WHAT IS REQUIRED:
Line by line, give the data again exactly as it appears, but without pictures.
──────── MATERIAL PROVIDED
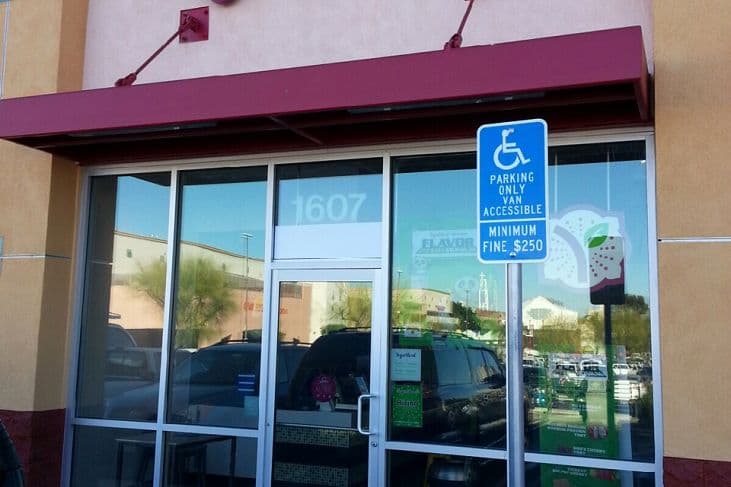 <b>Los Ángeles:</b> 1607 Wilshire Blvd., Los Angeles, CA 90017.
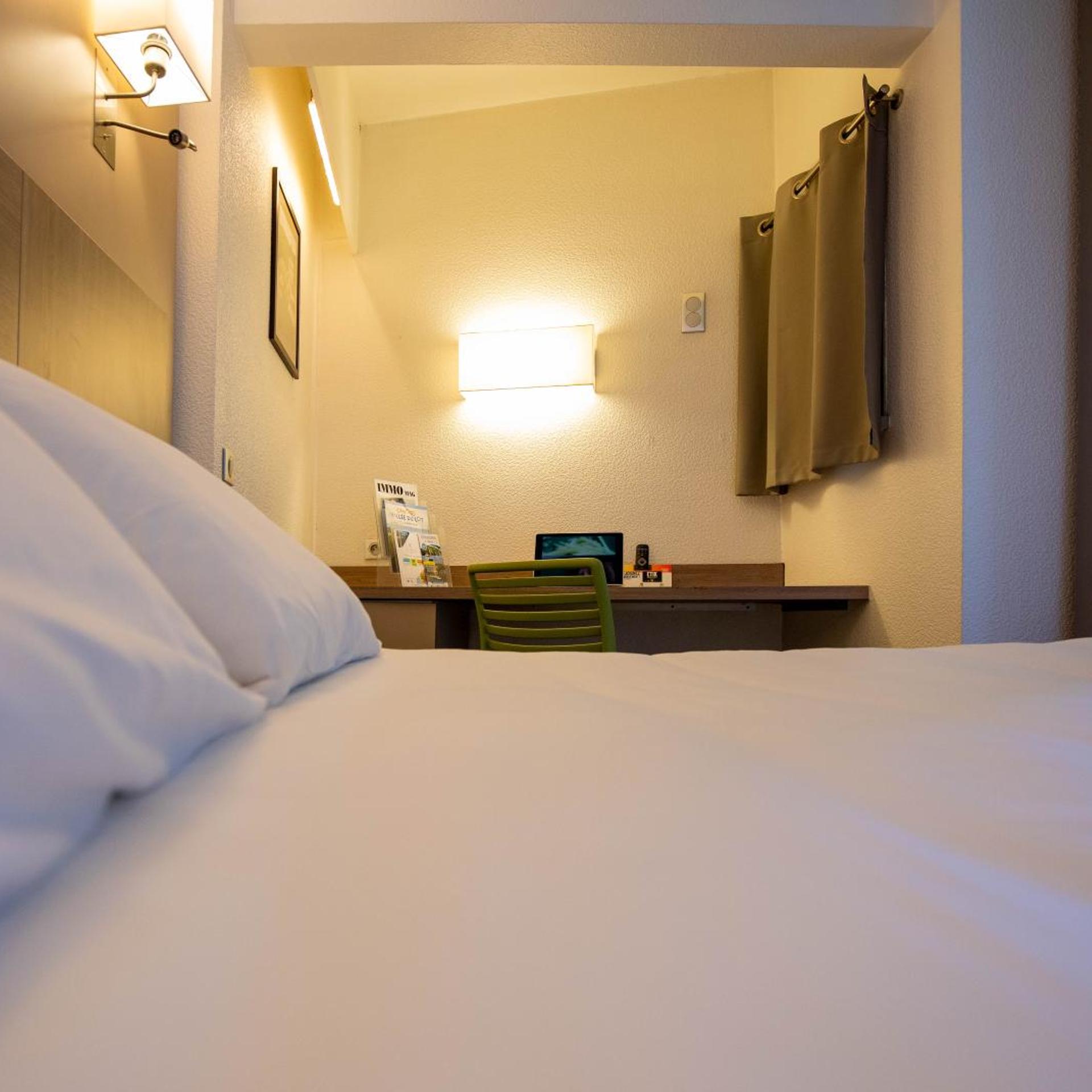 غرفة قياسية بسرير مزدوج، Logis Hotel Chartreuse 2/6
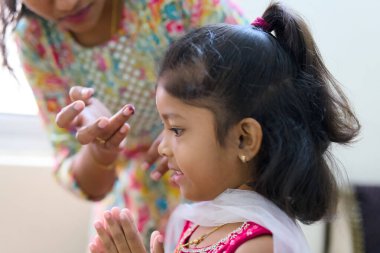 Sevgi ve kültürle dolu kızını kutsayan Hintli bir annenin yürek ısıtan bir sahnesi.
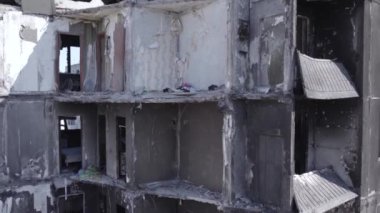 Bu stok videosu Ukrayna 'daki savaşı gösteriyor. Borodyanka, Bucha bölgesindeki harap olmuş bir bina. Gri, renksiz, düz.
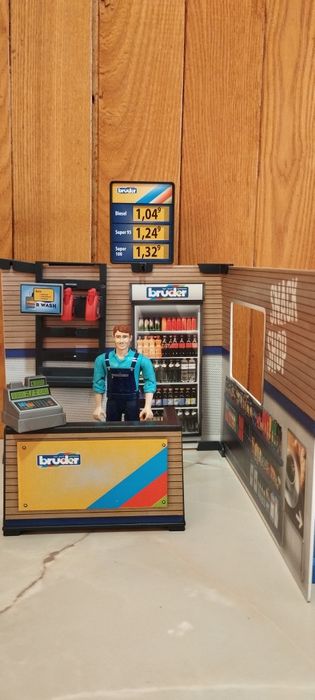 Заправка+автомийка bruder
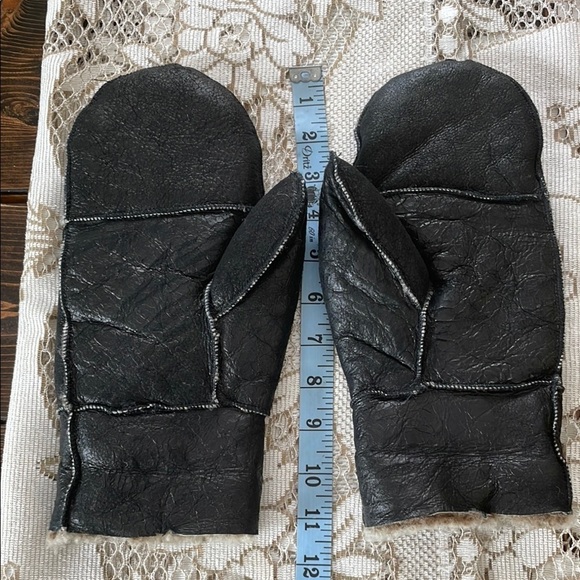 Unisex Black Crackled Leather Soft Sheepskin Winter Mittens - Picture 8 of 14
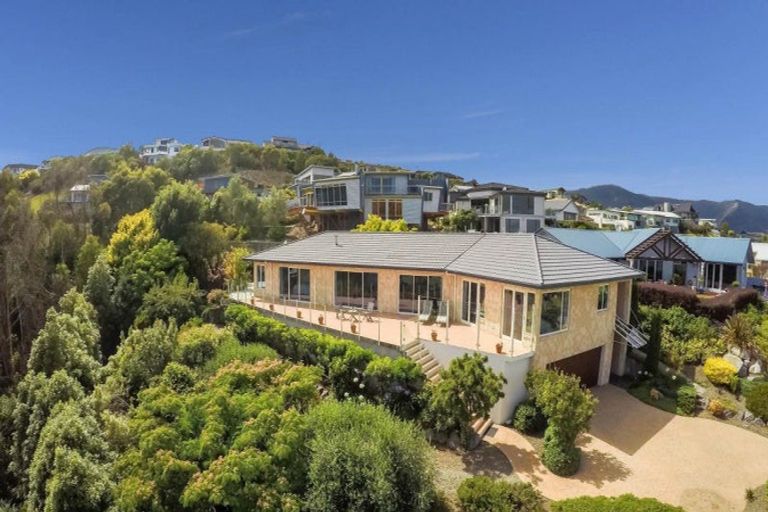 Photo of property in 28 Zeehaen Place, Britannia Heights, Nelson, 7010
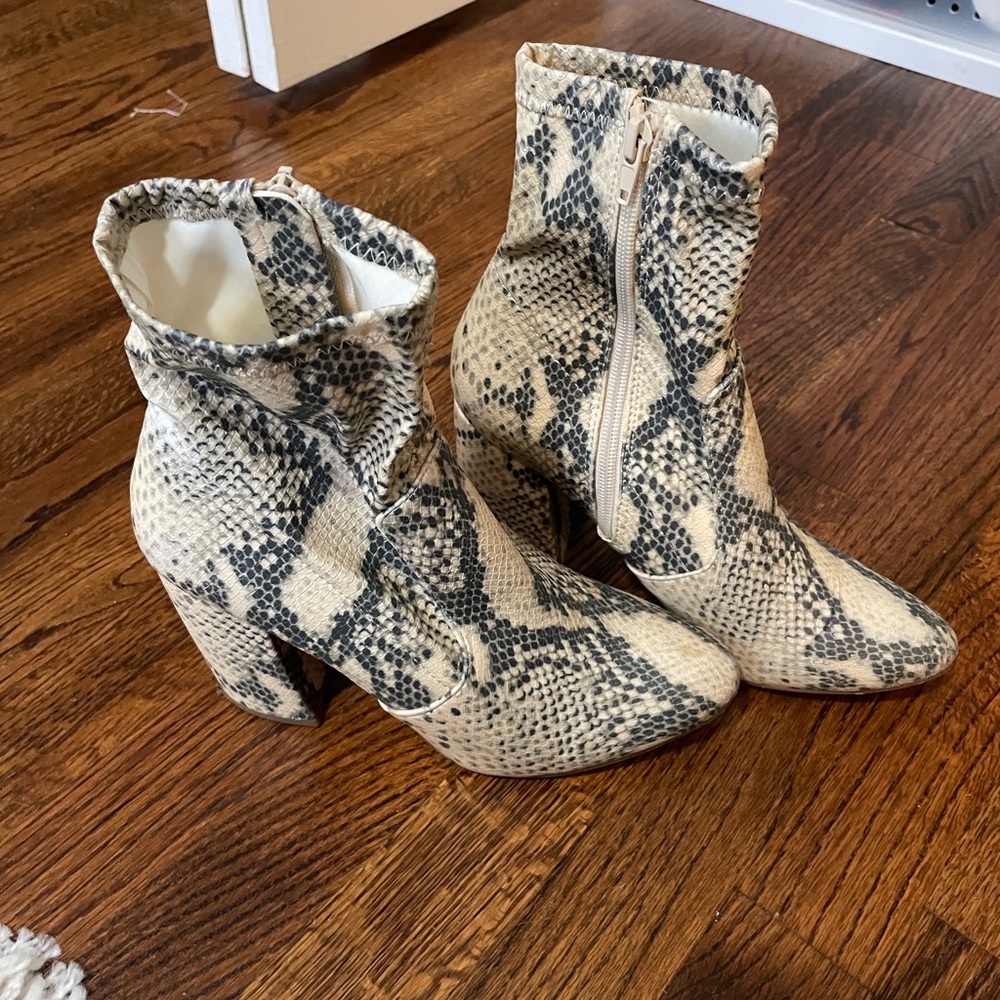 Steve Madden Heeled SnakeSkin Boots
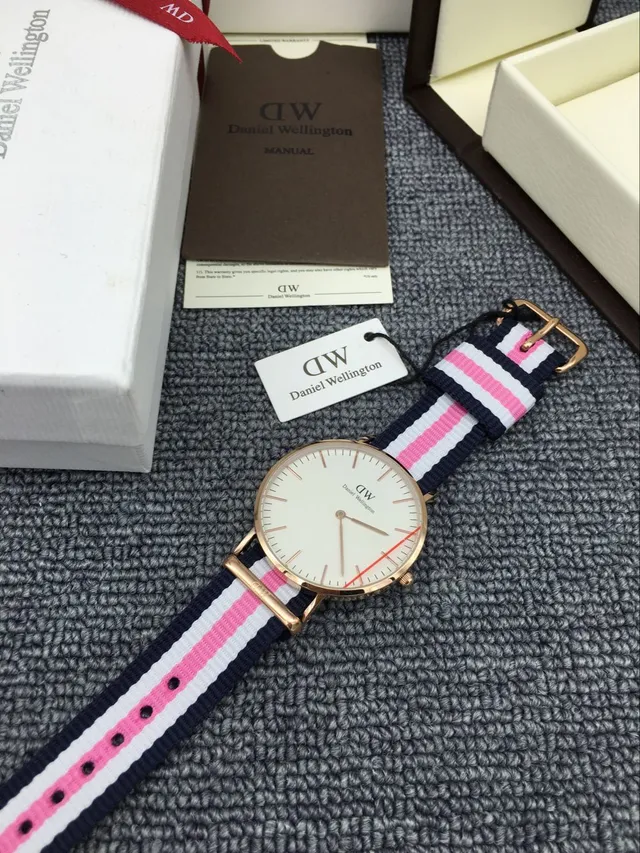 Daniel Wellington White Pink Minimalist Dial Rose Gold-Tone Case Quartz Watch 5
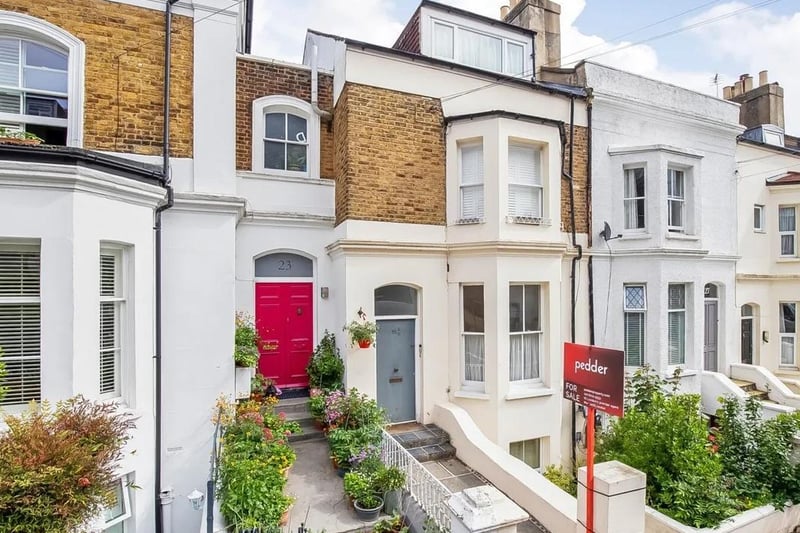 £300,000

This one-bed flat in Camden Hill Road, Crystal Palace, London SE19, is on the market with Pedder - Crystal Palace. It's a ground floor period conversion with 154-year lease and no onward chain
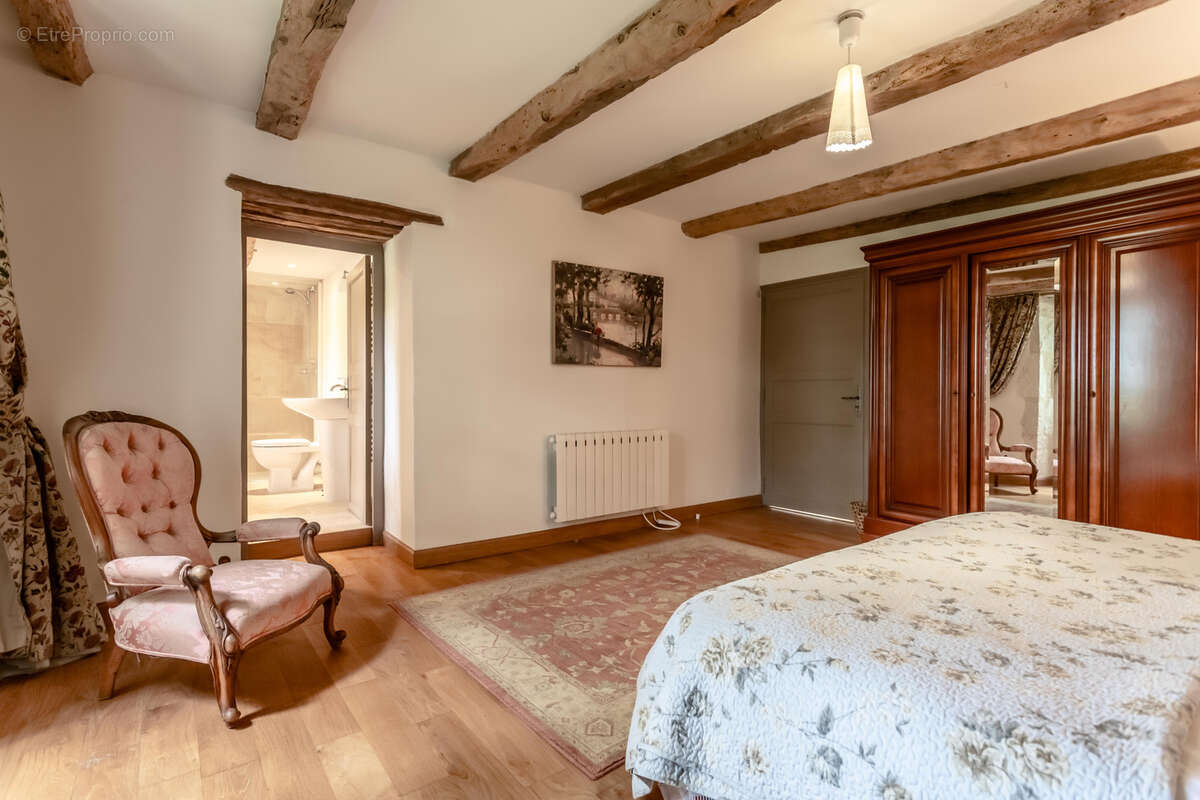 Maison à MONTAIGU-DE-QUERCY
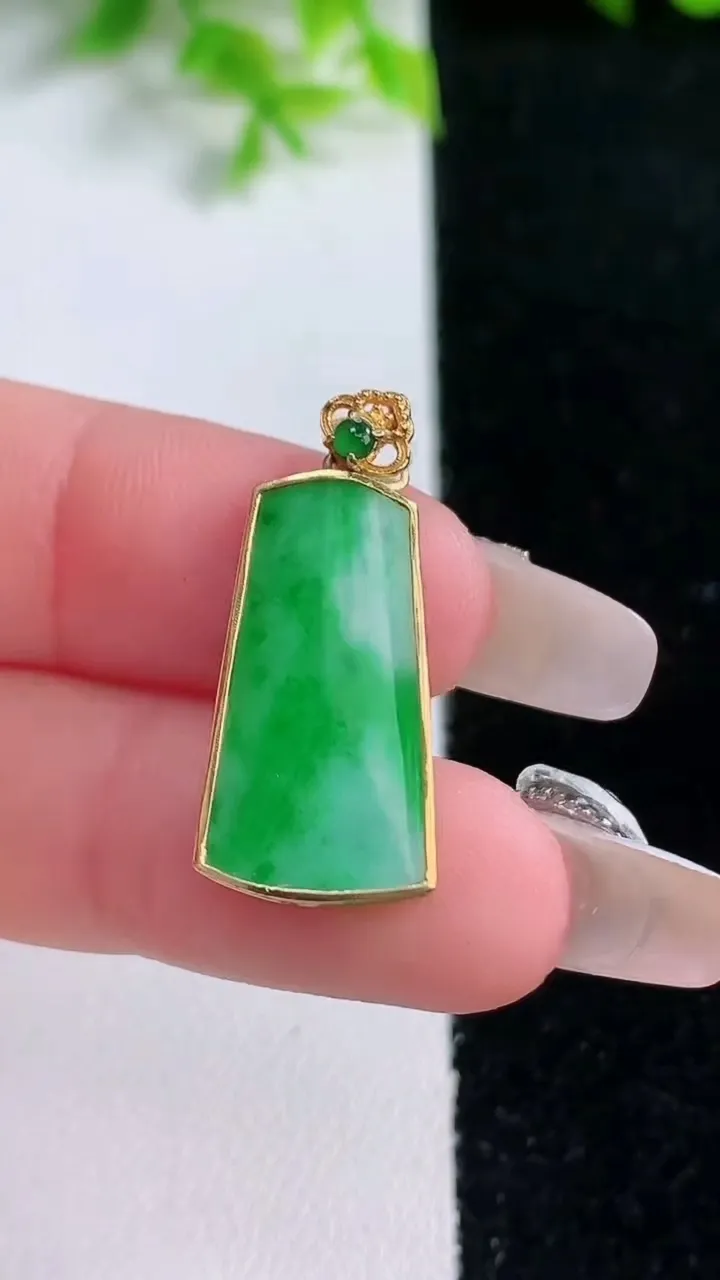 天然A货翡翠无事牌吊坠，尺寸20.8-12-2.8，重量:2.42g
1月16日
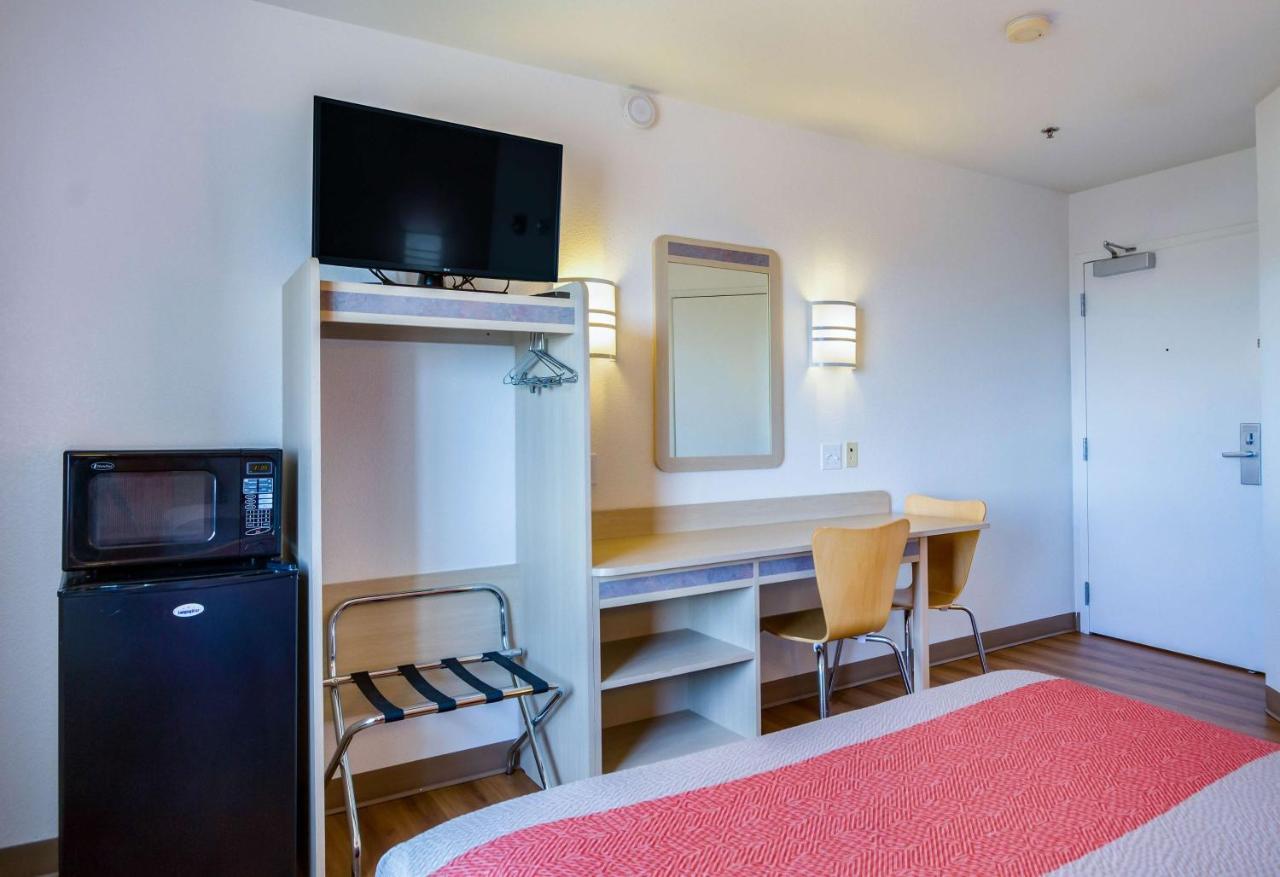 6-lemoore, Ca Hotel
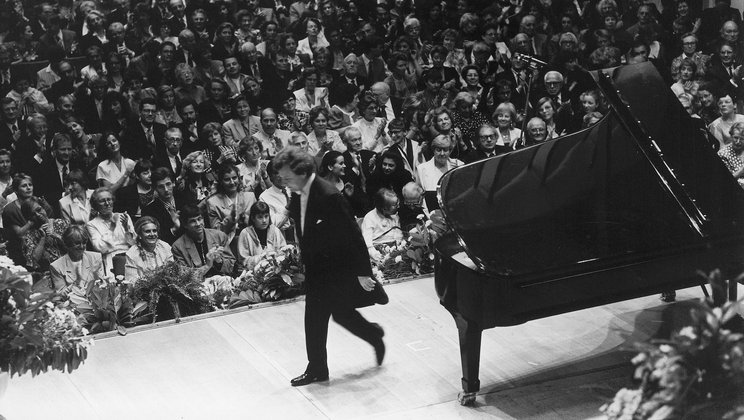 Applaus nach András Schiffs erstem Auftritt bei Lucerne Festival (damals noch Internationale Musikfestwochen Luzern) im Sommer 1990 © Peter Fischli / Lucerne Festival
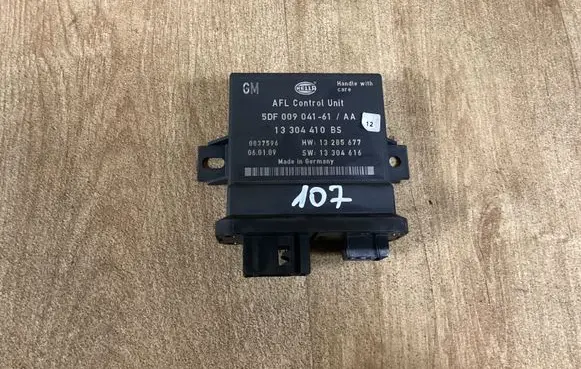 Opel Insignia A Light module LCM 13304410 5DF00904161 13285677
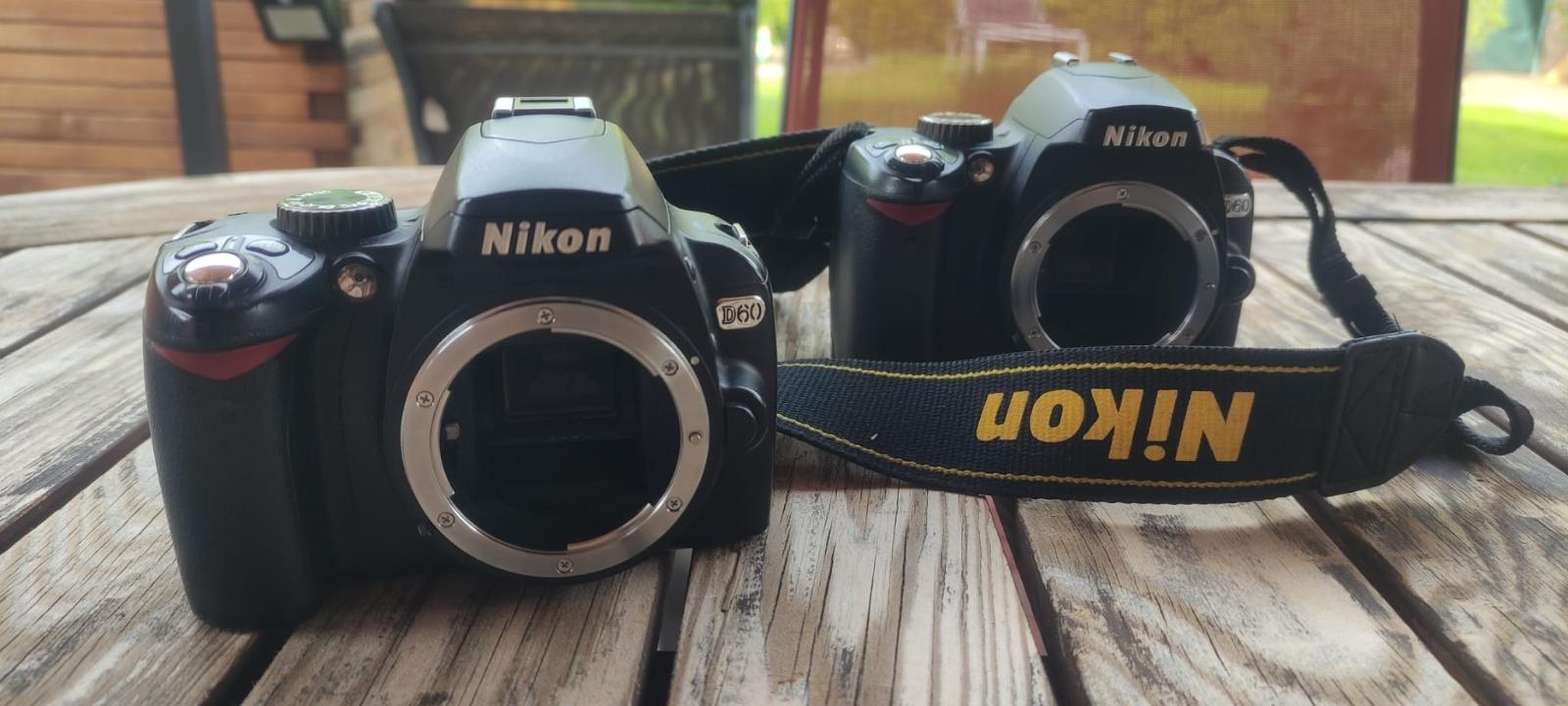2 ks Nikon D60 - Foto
────────────────
REPLY:
 <b>Los Ángeles:</b> 1607 Wilshire Blvd., Los Angeles, CA 90017.
 غرفة قياسية بسرير مزدوج، Logis Hotel Chartreuse 2/6
 Sevgi ve kültürle dolu kızını kutsayan Hintli bir annenin yürek ısıtan bir sahnesi.
 Bu stok videosu Ukrayna 'daki savaşı gösteriyor. Borodyanka, Bucha bölgesindeki harap olmuş bir bina. Gri, renksiz, düz.
 Заправка+автомийка bruder
 Unisex Black Crackled Leather Soft Sheepskin Winter Mittens - Picture 8 of 14
 Photo of property in 28 Zeehaen Place, Britannia Heights, Nelson, 7010
 Steve Madden Heeled SnakeSkin Boots
 Daniel Wellington White Pink Minimalist Dial Rose Gold-Tone Case Quartz Watch 5
 £300,000

This one-bed flat in Camden Hill Road, Crystal Palace, London SE19, is on the market with Pedder - Crystal Palace. It's a ground floor period conversion with 154-year lease and no onward chain
 Maison à MONTAIGU-DE-QUERCY
 天然A货翡翠无事牌吊坠，尺寸20.8-12-2.8，重量:2.42g
1月16日
 6-lemoore, Ca Hotel
 Applaus nach András Schiffs erstem Auftritt bei Lucerne Festival (damals noch Internationale Musikfestwochen Luzern) im Sommer 1990 © Peter Fischli / Lucerne Festival
 Opel Insignia A Light module LCM 13304410 5DF00904161 13285677
2 ks Nikon D60 - Foto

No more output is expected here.